## [Work order]
Restate, exactly as written, the entries below from the line that holds "Treenbrook Cottages |" through the line that holds "Vali Yardımcıları ‘Değerlendirme". Pictures are not part of the copy.
Records for this exercise START
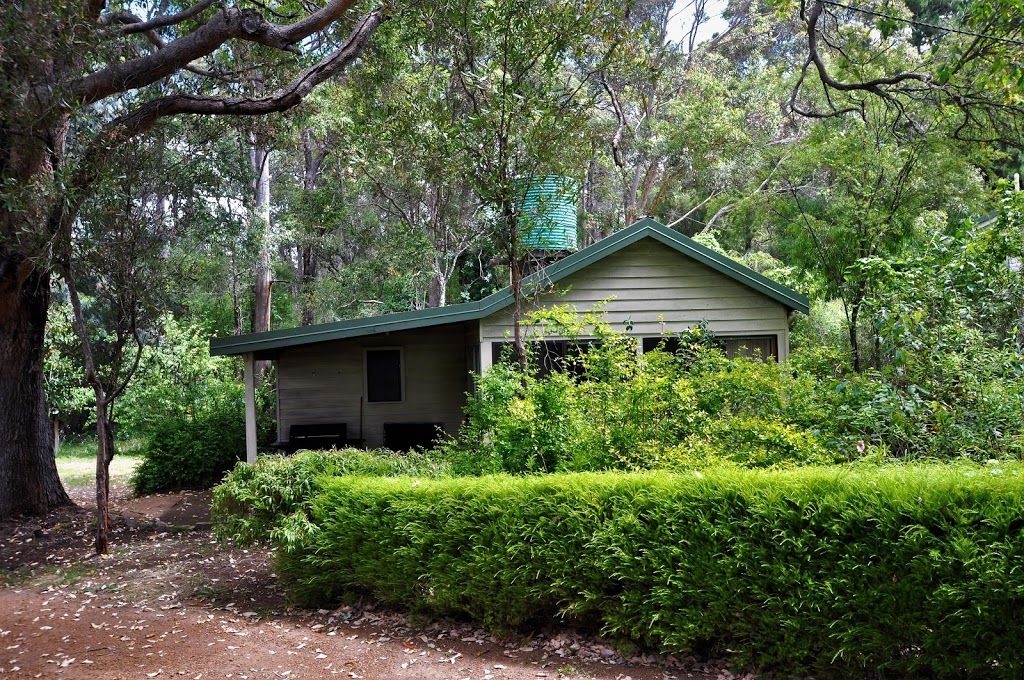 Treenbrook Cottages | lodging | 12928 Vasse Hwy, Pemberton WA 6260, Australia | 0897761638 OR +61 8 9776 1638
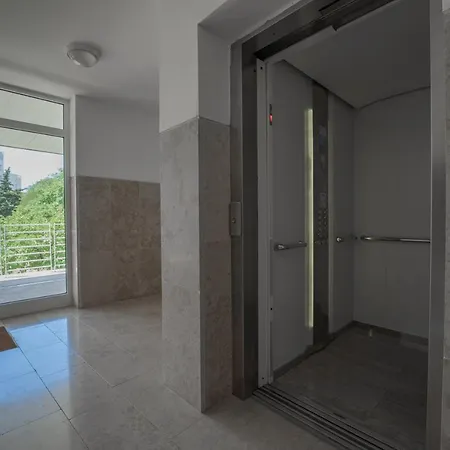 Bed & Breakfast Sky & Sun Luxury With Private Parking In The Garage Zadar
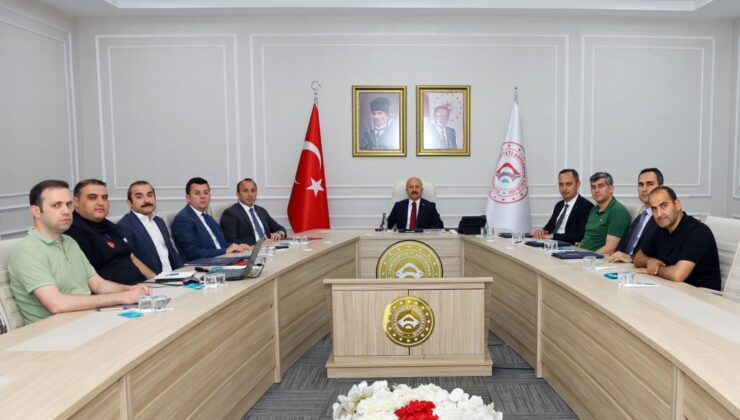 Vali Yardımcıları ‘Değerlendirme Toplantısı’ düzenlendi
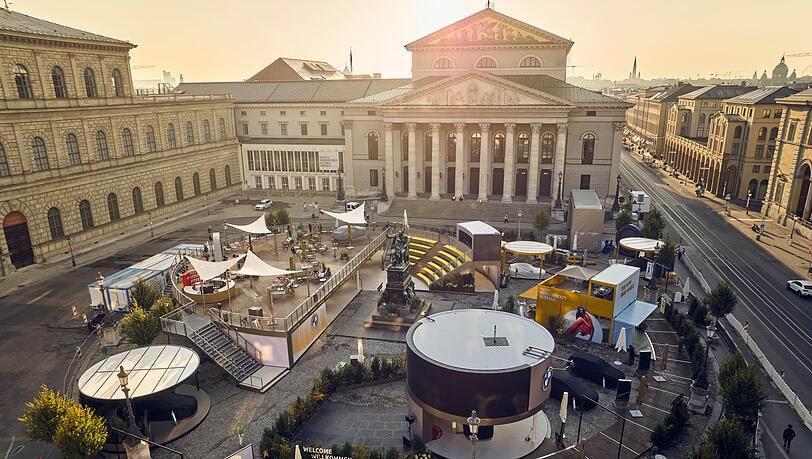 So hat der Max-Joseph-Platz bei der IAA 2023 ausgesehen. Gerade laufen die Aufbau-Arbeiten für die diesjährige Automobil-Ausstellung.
Records for this exercise END
Records for this exercise START
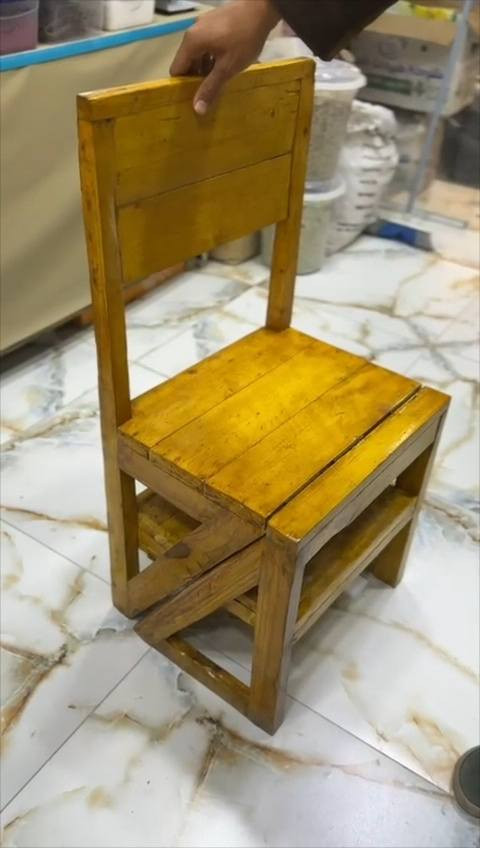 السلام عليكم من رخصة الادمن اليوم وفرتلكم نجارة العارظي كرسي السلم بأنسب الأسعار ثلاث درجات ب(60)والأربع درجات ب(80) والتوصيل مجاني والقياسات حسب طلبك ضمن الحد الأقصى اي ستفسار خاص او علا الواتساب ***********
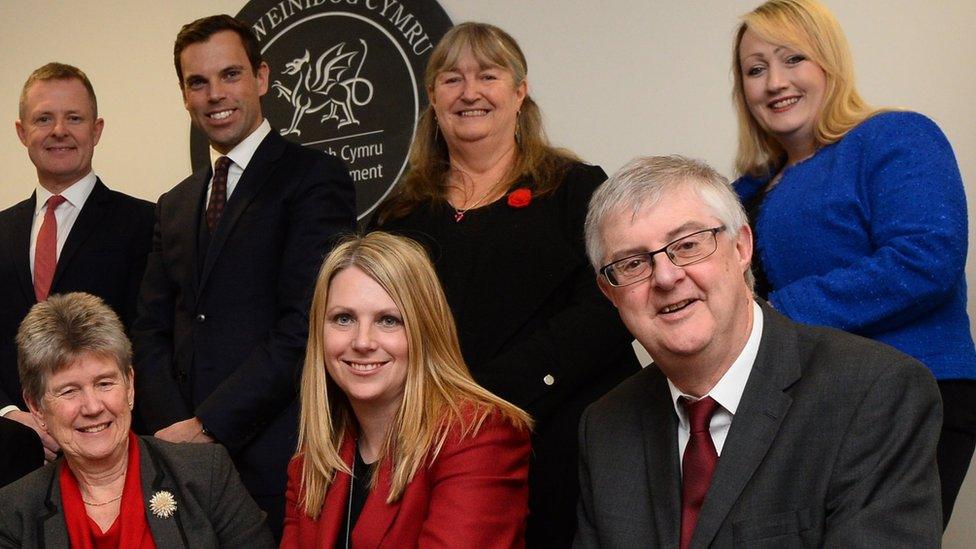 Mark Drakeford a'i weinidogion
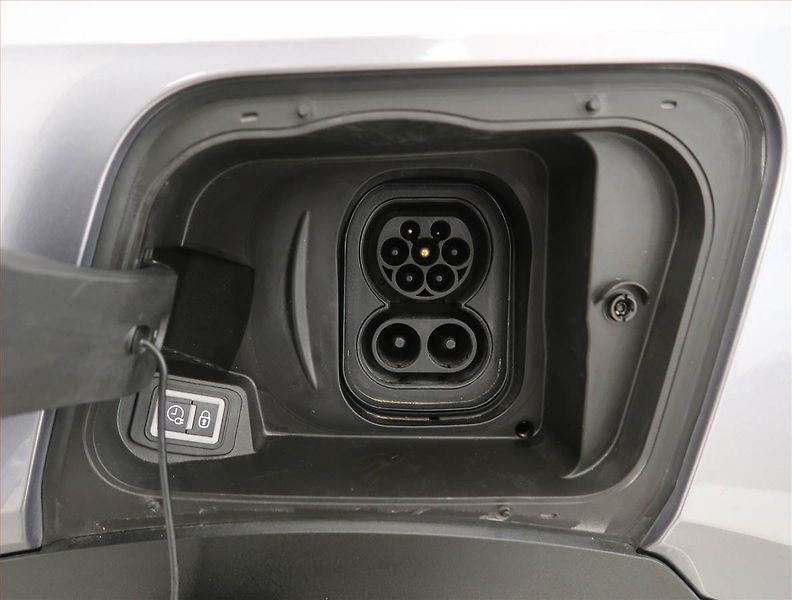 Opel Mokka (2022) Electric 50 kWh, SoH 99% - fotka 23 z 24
Records for this exercise END
Records for this exercise START
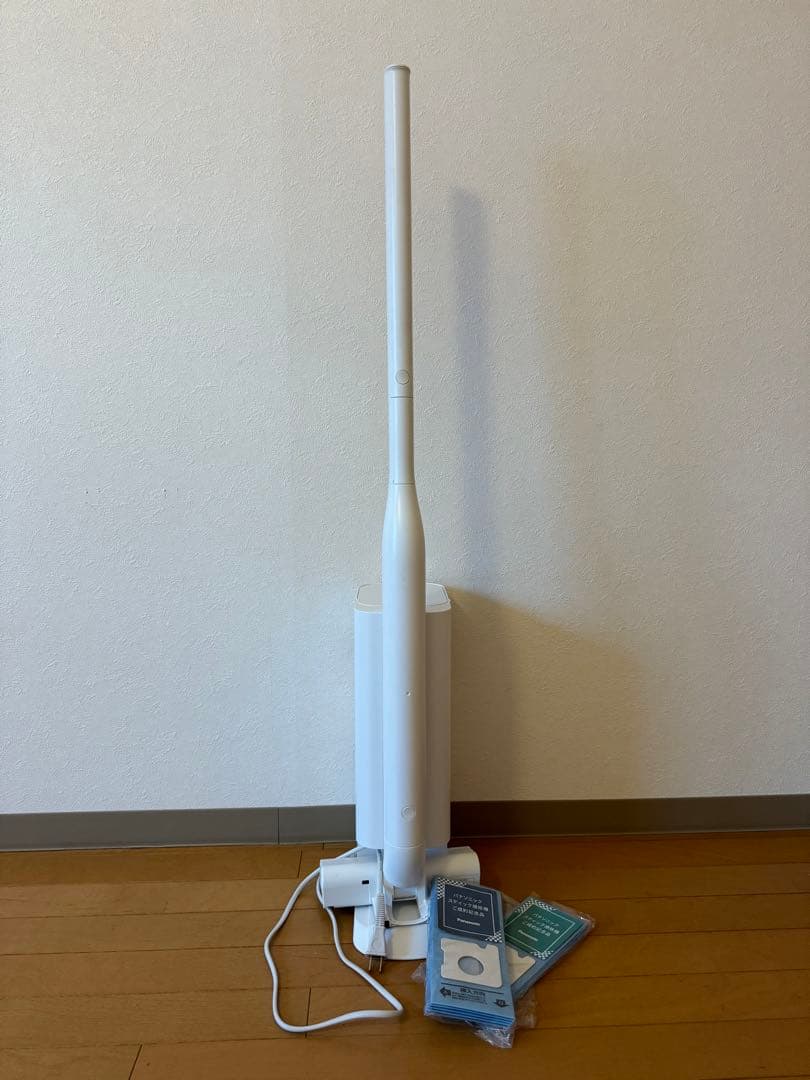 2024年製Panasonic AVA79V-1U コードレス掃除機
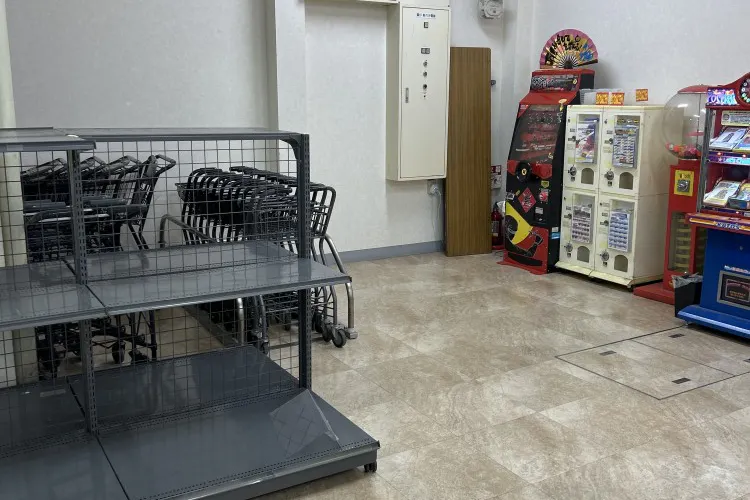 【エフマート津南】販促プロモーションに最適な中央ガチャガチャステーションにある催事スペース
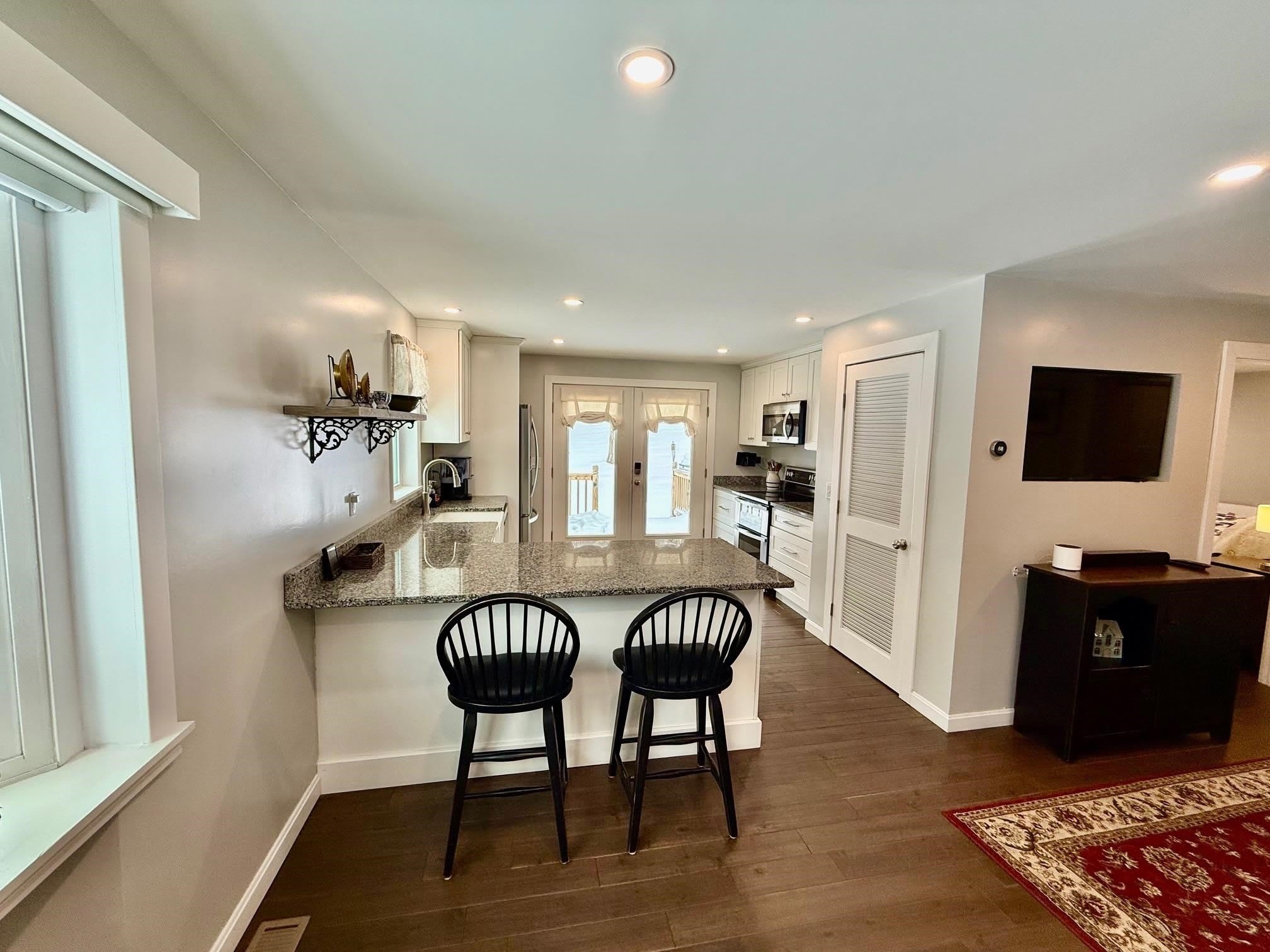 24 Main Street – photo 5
Records for this exercise END
## [Solution for this exercise]
 Treenbrook Cottages | lodging | 12928 Vasse Hwy, Pemberton WA 6260, Australia | 0897761638 OR +61 8 9776 1638
 Bed & Breakfast Sky & Sun Luxury With Private Parking In The Garage Zadar
 Vali Yardımcıları ‘Değerlendirme Toplantısı’ düzenlendi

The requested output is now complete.